And then the rattlers, just lmao

Fellatio del Toro
Mar 21, 2009

she gets back and remembers that she forgot to kill Abby and heads back out once more

Fellatio del Toro
Mar 21, 2009

the Jackson homophobe existed to set up misdirection about why there was tension between Ellie and Joel at the beginning of the game

Fellatio del Toro
Mar 21, 2009

Stormgale posted:

Sure but why does he need to be a Homophobe?

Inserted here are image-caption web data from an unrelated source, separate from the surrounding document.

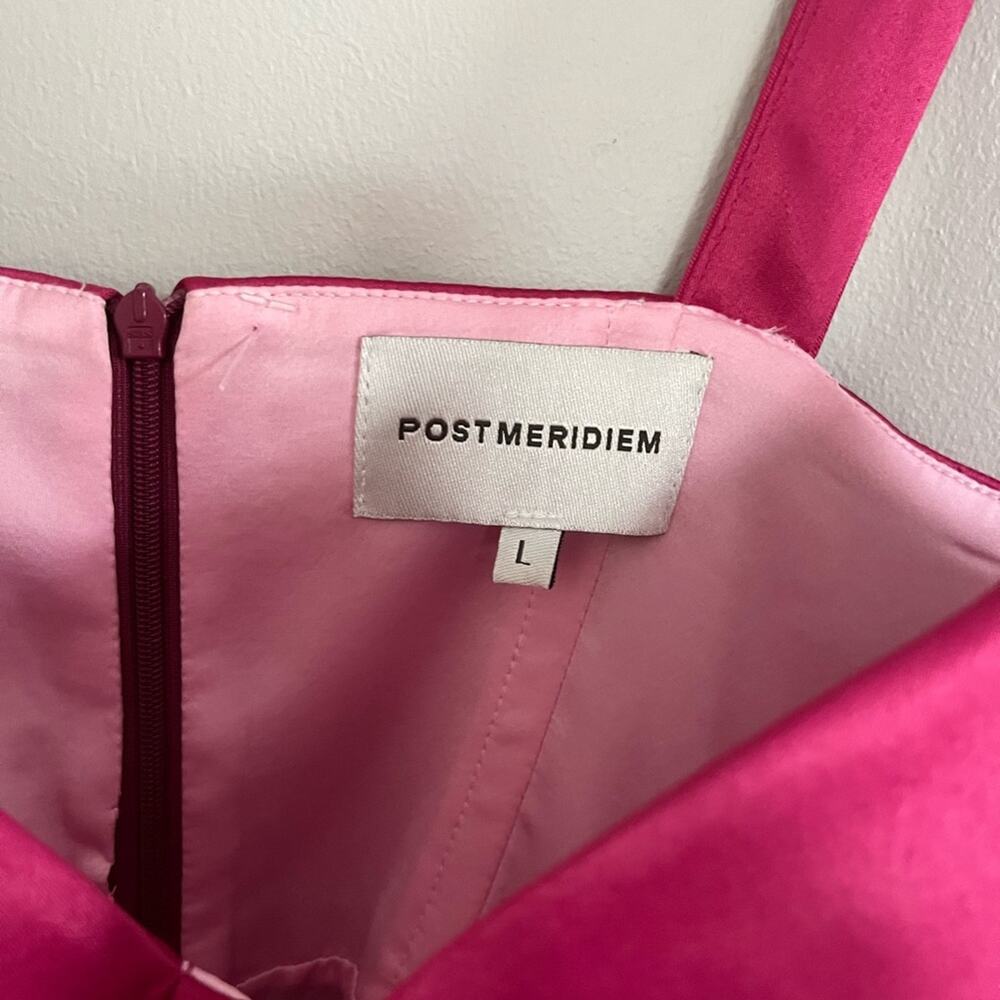 POSTMERIDIEM Satin Bustier Dress Size L - Picture 3 of 5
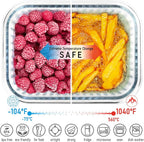Ribbed Glass Tupperware Set - Image 4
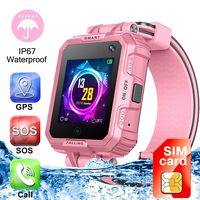 [SIM Card Included] Children Smartwatch Phone GPS Tracker with Camera/Two Way Call SOS/Anti-Lost Smart Bracelet/Waterproof IP67 Kids Sport Wrist Watch for 3-12 Boys Girls Xmas Holiday Birthday Gifts
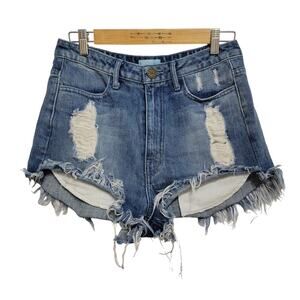 Mumu Blue Jean Shorts 28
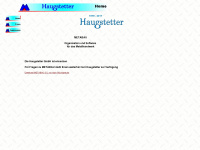haugstetter-edv.de Webseite Vorschau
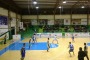 Un'istantanea del match
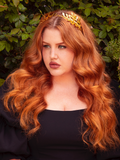 Laurel Leaf Headband in Gold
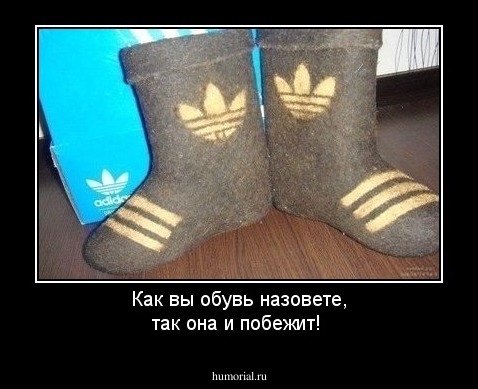 Как вы обувь назовете, так она и побежит!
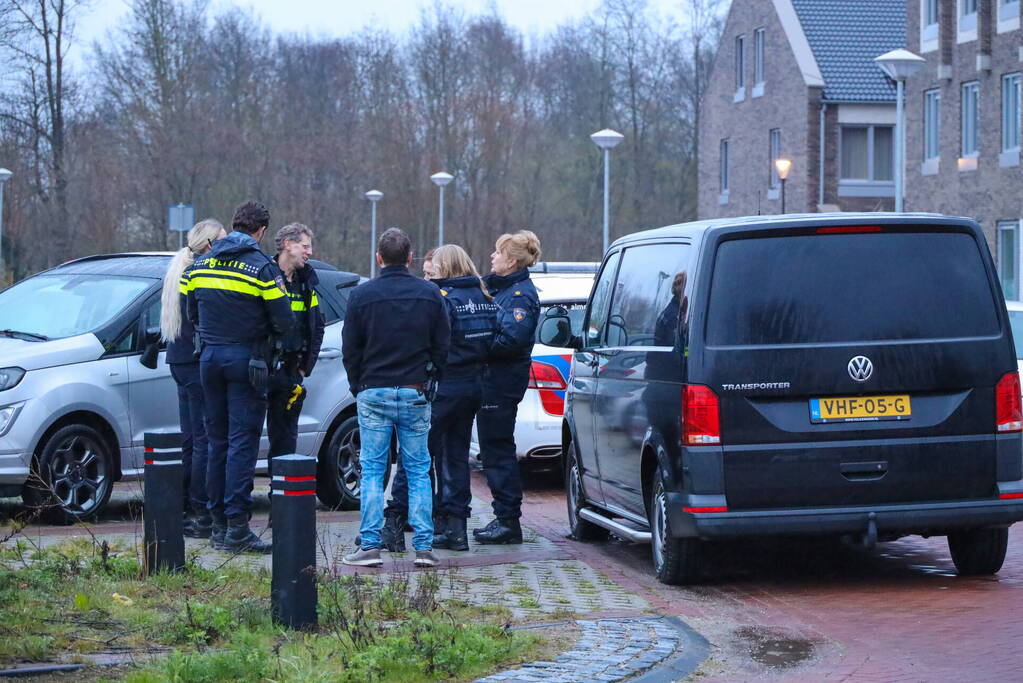 Schoten gelost bij straatroof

right, I meant to imply its bad because it doesn't serve any purpose other than as a means to set up some unrelated narrative suspense

Fellatio del Toro
Mar 21, 2009

the critics who have been more negative toward the game are largely at places that have stopped giving numbered scores, which means that metacritic ratings are increasingly skewed toward outlets that review games on more traditional and rudimentary criteria which frankly Naughty Dog is still fuckin excellent at

also important to reiterate that you can like a game and also be critical of it. I enjoyed the game a lot for the most part even if I have some major issues with large parts of the story

I will defer to some excerpts from Rob Zacny who is a much better writer than me:

https://www.vice.com/en_us/article/wxqnxy/last-of-us-part-2-review

quote:

It doesn’t take long to make crystal clear that our heroes’ revenge stories are making them the villains in other people’s narratives. Even before it begins trying to humanize the people you are busy killing, The Last of Us 2 is a game of squalid cruelty. It’s not just the fact that you torture and kill people even as they plead with you to spare them, or the incredibly detailed destruction of faces and bodies that happens with shocking regularity throughout this game. It is also the growing lack of justification. Nobody ever reconsiders their quest for vengeance. Everyone acts under a kind of vindictive compulsion that goes little remarked and unexamined.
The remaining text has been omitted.